Sauf qu’en 2019, le chef juge Eddy Balancy l’appelle et lui propose de passer de l’autre côté de la barrière comme Deputy Master and Registrar. Après réflexion, elle accepte. «C’était une progression naturelle dans ma carrière. J’allais être sur le Bench et m’enrichir en écoutant d’autres types d’affaires.» À ce poste, elle entend en effet des affaires ayant trait au partage de biens, aux héritages, à la dépossession des terres. «Cela m’a permis de voir la misère des gens dépossédés de leurs terres.» Elle se familiarise aussi aux rouages de l’administration de la Cour suprême.

Elle est nommée Deputy Master and Registrar le 21 mai dernier et Master and Registrar presque deux mois plus tard. Elle est ensuite nommée juge. «C’est un aboutissement. Je suis très honorée d’avoir pu arriver là. Cela n’a pas toujours été un parcours en ligne droite.» Cette femme qui a épousé son grand amour, Jean-François Leckning, journaliste et rédacteur en chef du magazine People, est mère de Romain, 16 ans et Sanhya, 14 ans. Sa nomination comme juge lui fait penser à ses défunts parents, notamment à son père Benjamin Moutou. «Il aurait été très fier car il a toujours lutté pour la justice. Je crois que je n’aurais pas pu lui faire de plus beau cadeau.»

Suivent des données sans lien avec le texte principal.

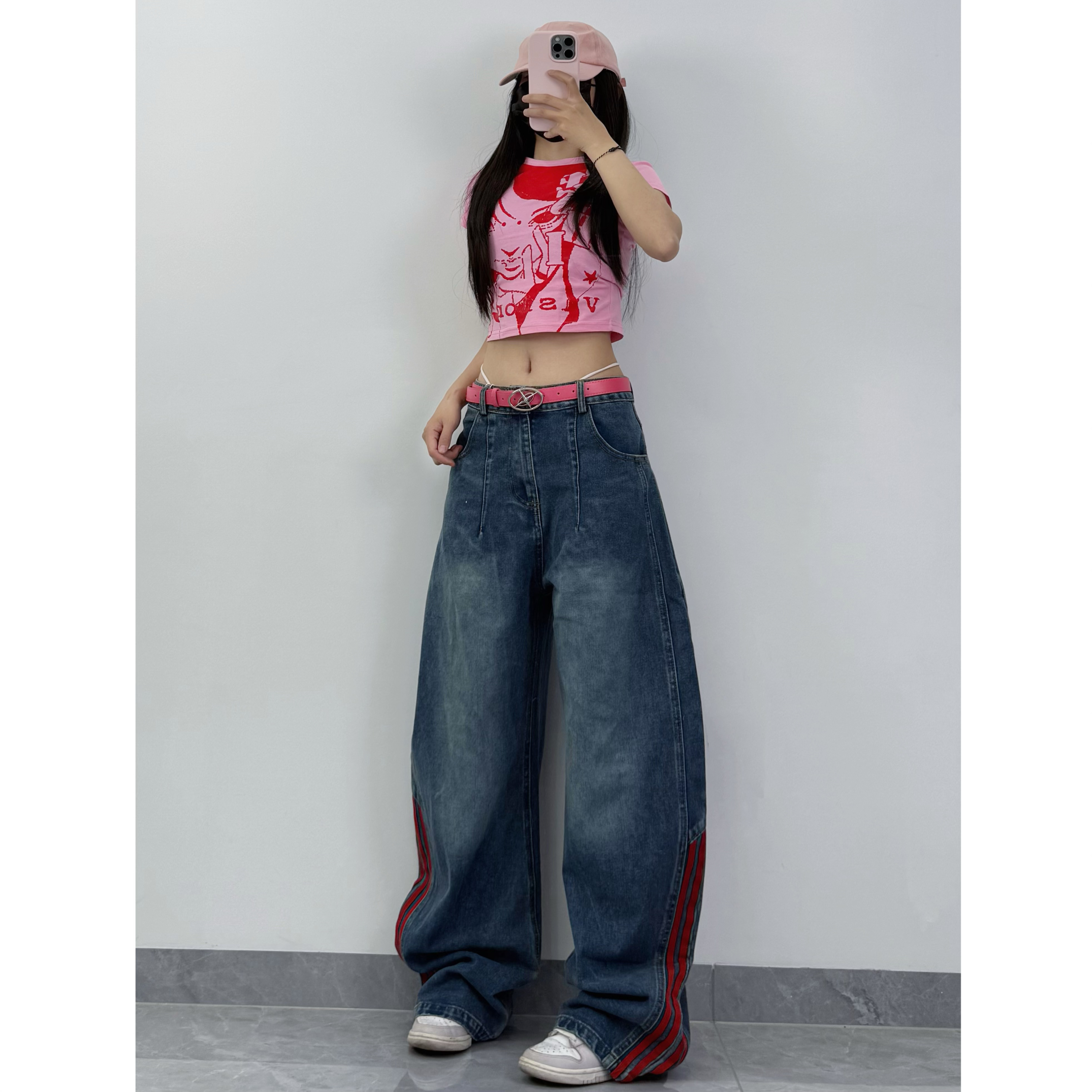 Sweet and Spicy Girl Dance Outfit - Jazz Pink Printed Crop Top with Dark Blue Side Stripe Jeans - Y2K Style
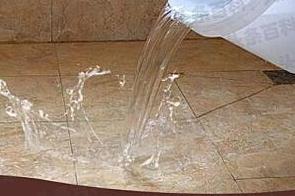 思南漏水维修 免砸砖防水材料该如何施工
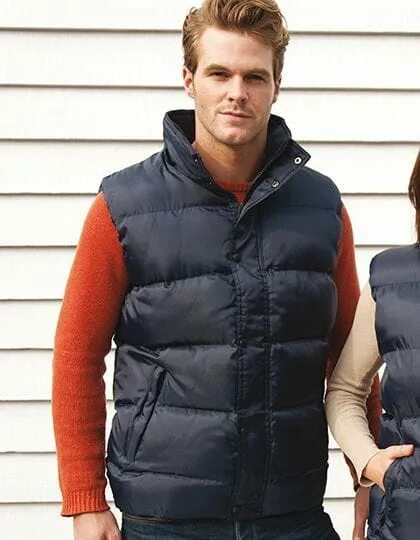 Куртка утепленная мужская outventure. Утепляем мужчин. Жилет мужской утепленный удлиненный. Shu00076 пуховик мужской shu. Куртка outventure мужская зимняя.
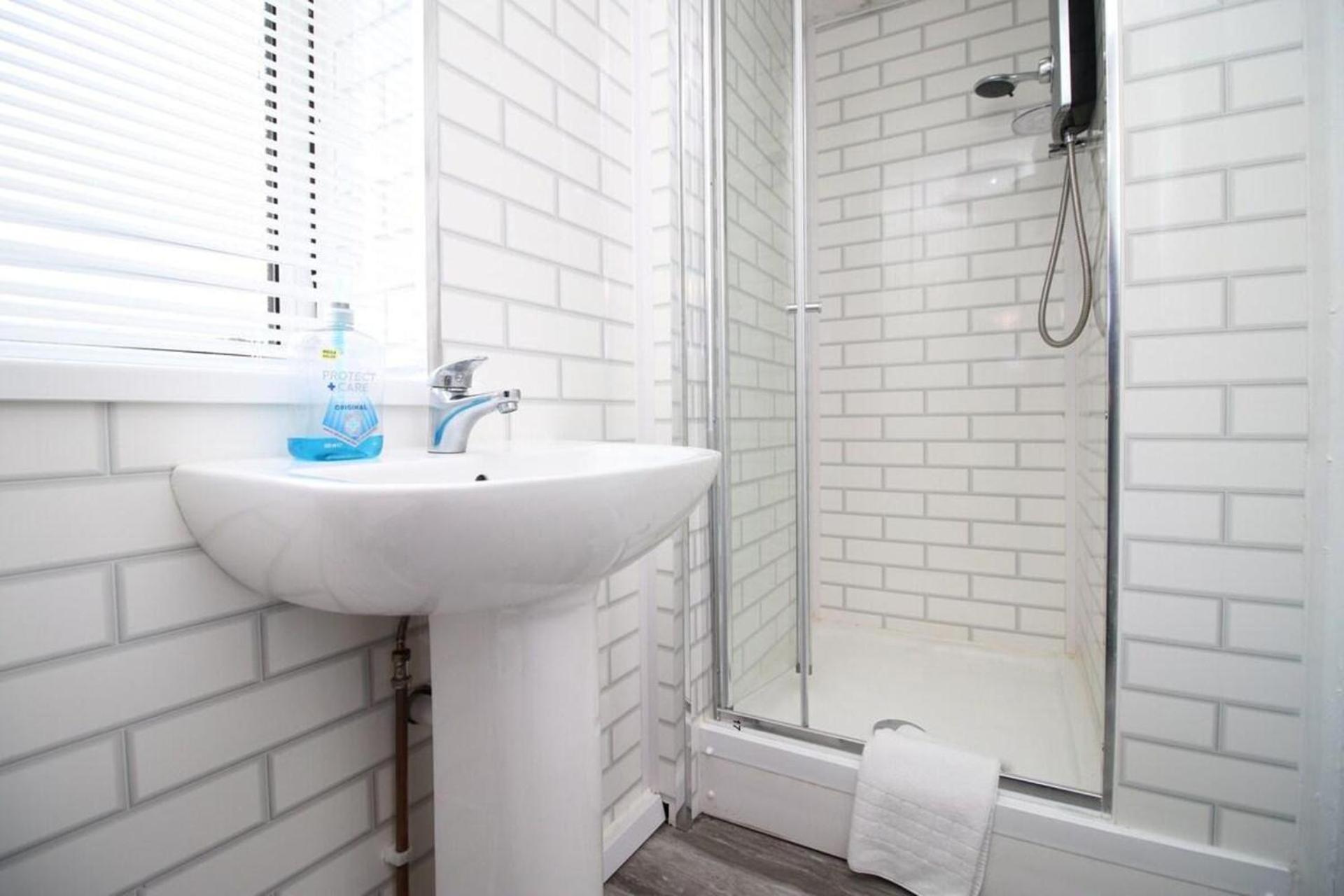 Spacious 5 Bedroom Flat-swansea Apartment *
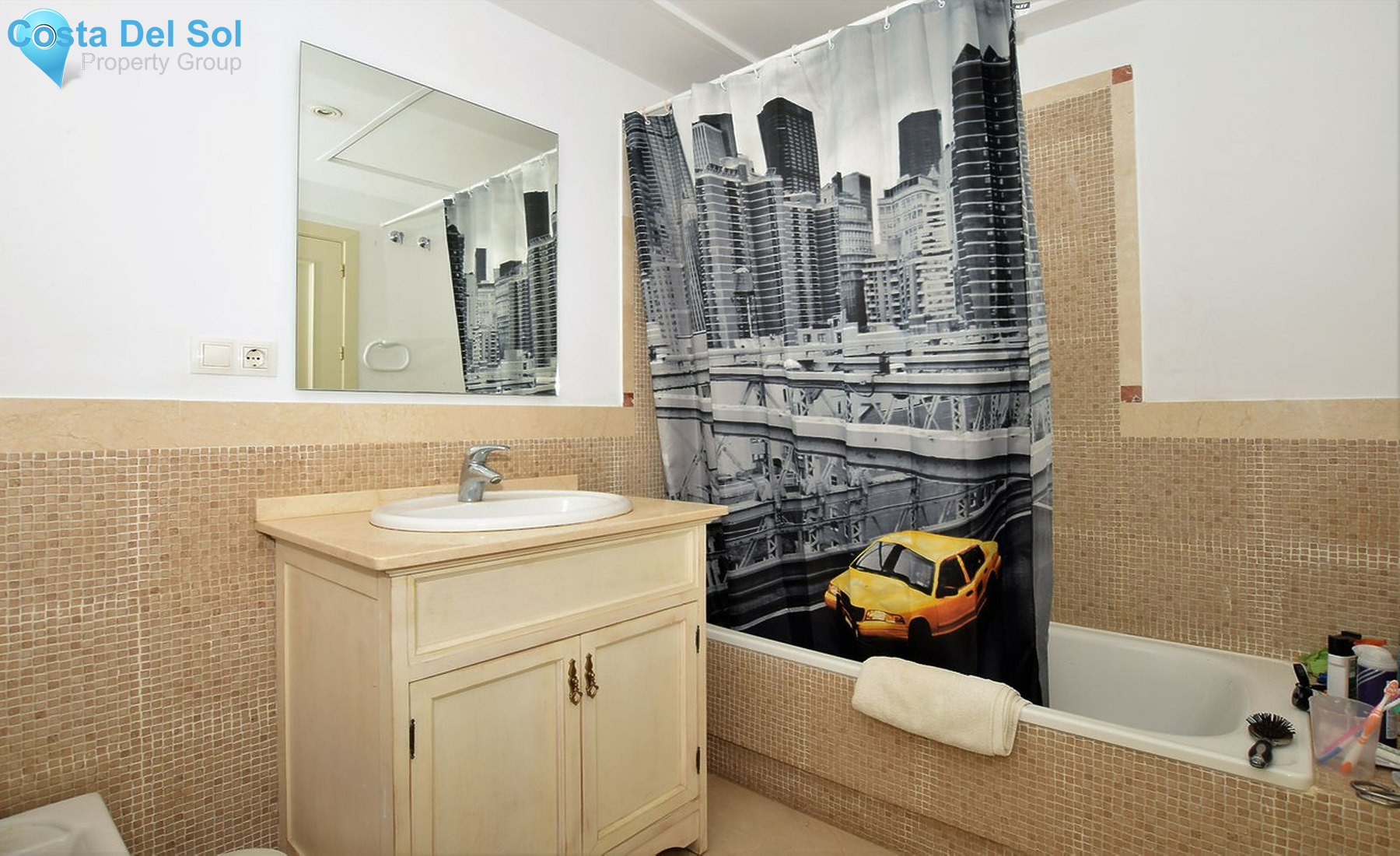 Middle Floor Apartment in Puerto Banús-1506346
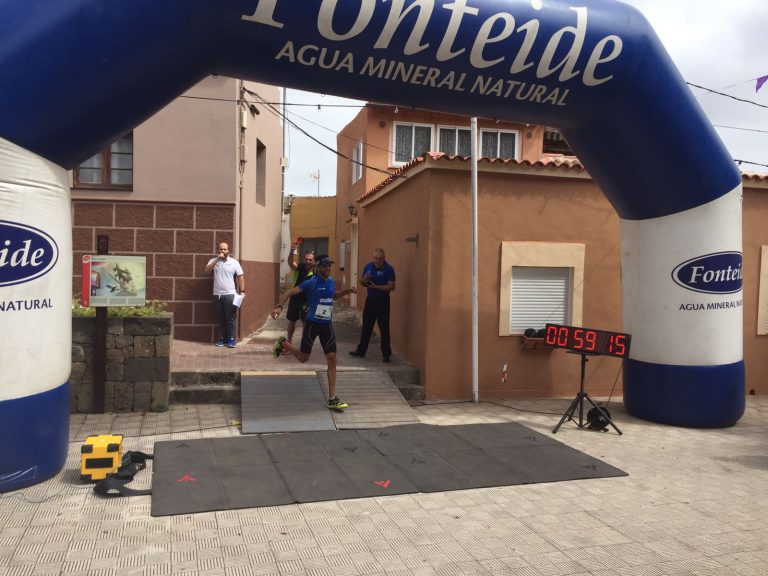 Ruymán Martín vuelve a vencer en la Fonteide Teno Trail
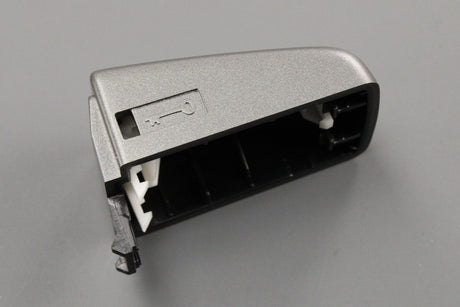 Land Rover Discovery 4 door handle lock cover cap (front left) LR072421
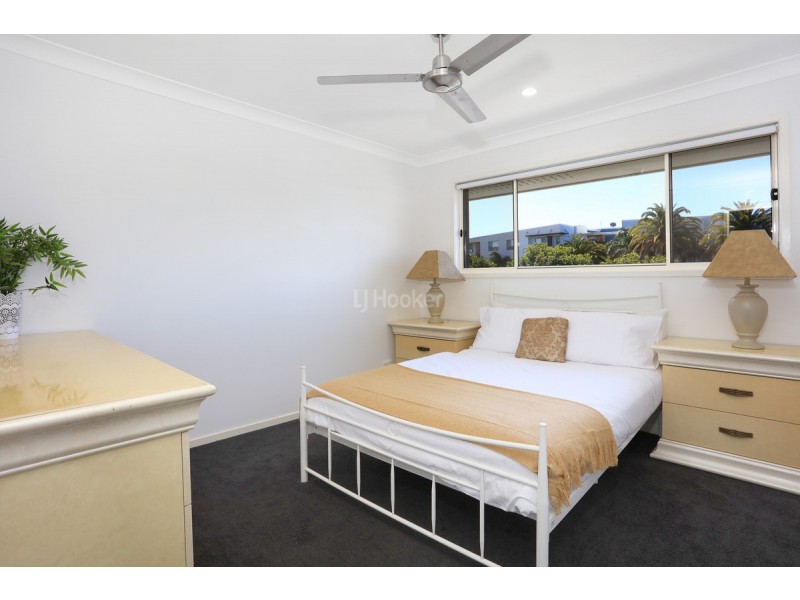 1 Harbour Rise, Hope Island QLD 4212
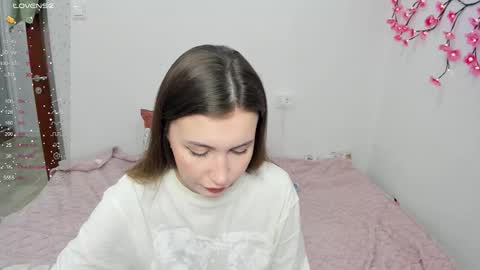 Veronica Tiia Lilith left to right online show from March 7, 12:18 am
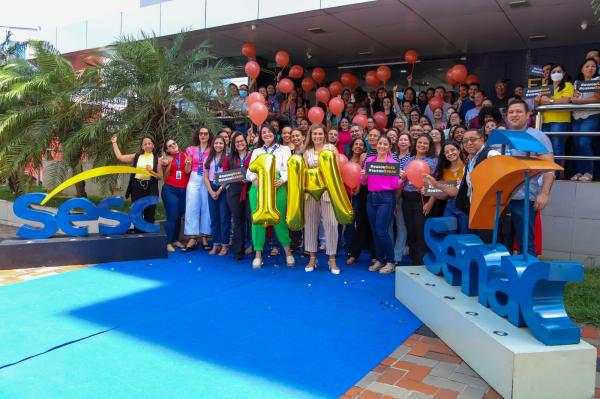 Colaboradores do Sesc comemoram conquista de 1 milhão de assinaturas e promessa de veto a projeto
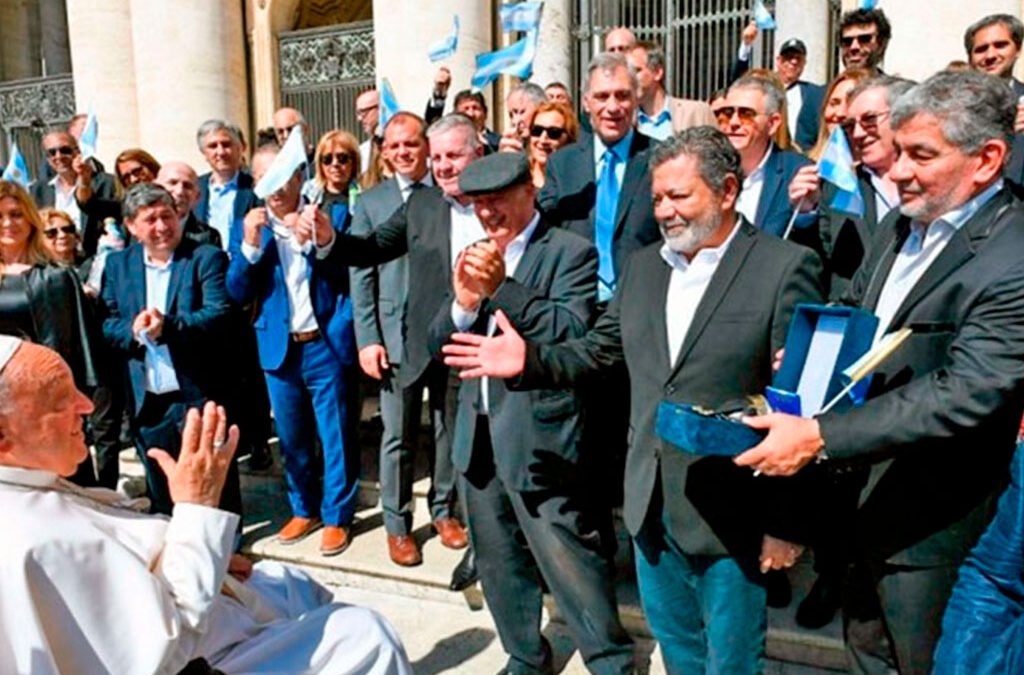 Delegaciones de sindicalistas argentinos fueron recibidas por el Papa Francisco en el Vaticano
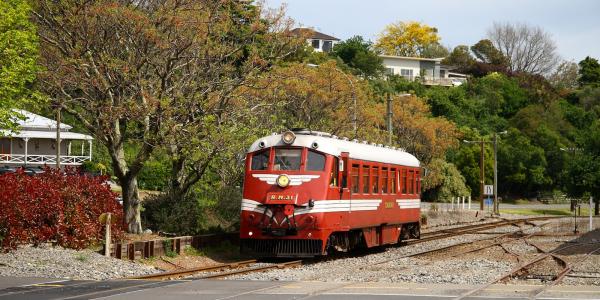 Vintage Railcar Ride to Waipuk 1600 x 800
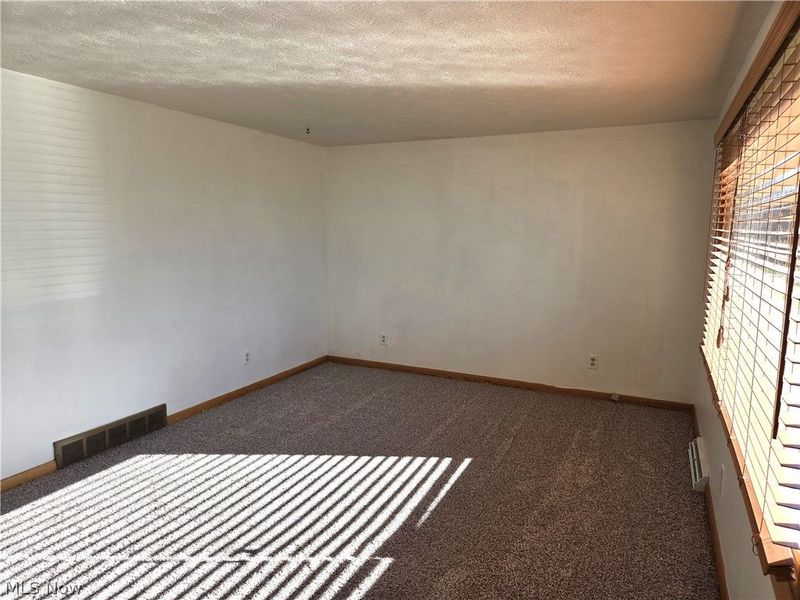 12 Sandy Drive, New Middletown, OH 44442 Photo 7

Cette femme au cœur tendre, qui a accueilli à bras ouverts sa sœur Marigold chez elle à la mort de leurs parents, a eu des prises de position publiques très fortes par rapport aux droits des femmes victimes de violence et des enfants maltraités. Elle est très consciente qu’elle a désormais un important devoir de réserve. «Quelque part, être juge, c’est un peu comme entrer dans les ordres. La première qualité d’un juge, c’est l’impartialité. J’aurai à faire fi de mon vécu, de mon expérience personnelle, à me délester de mon ressenti passé, tout en gardant le bagage acquis, pour être garante de la justice. Je ne pourrai plus me prononcer sur les grands débats de société comme je l’ai fait dans le passé. J’aurai un devoir de réserve. Ce sera difficile car je suis issue d’une famille ouverte où l’on s’est toujours exprimé sur les grands enjeux de société. Mais je m’acquitterai de mes nouvelles responsabilités en toute impartialité, avec honnêteté et humilité, en essayant de faire honneur à la longue liste de mes distingués prédécesseurs. Ce métier est un acte de foi.» Elle est très consciente qu’elle ne devra plus être dans le public eye. Johan Moutou-Leckning n’en dira pas plus car, pour l’heure, elle est en mode observation et familiarisation aux rôle et responsabilités d’un juge.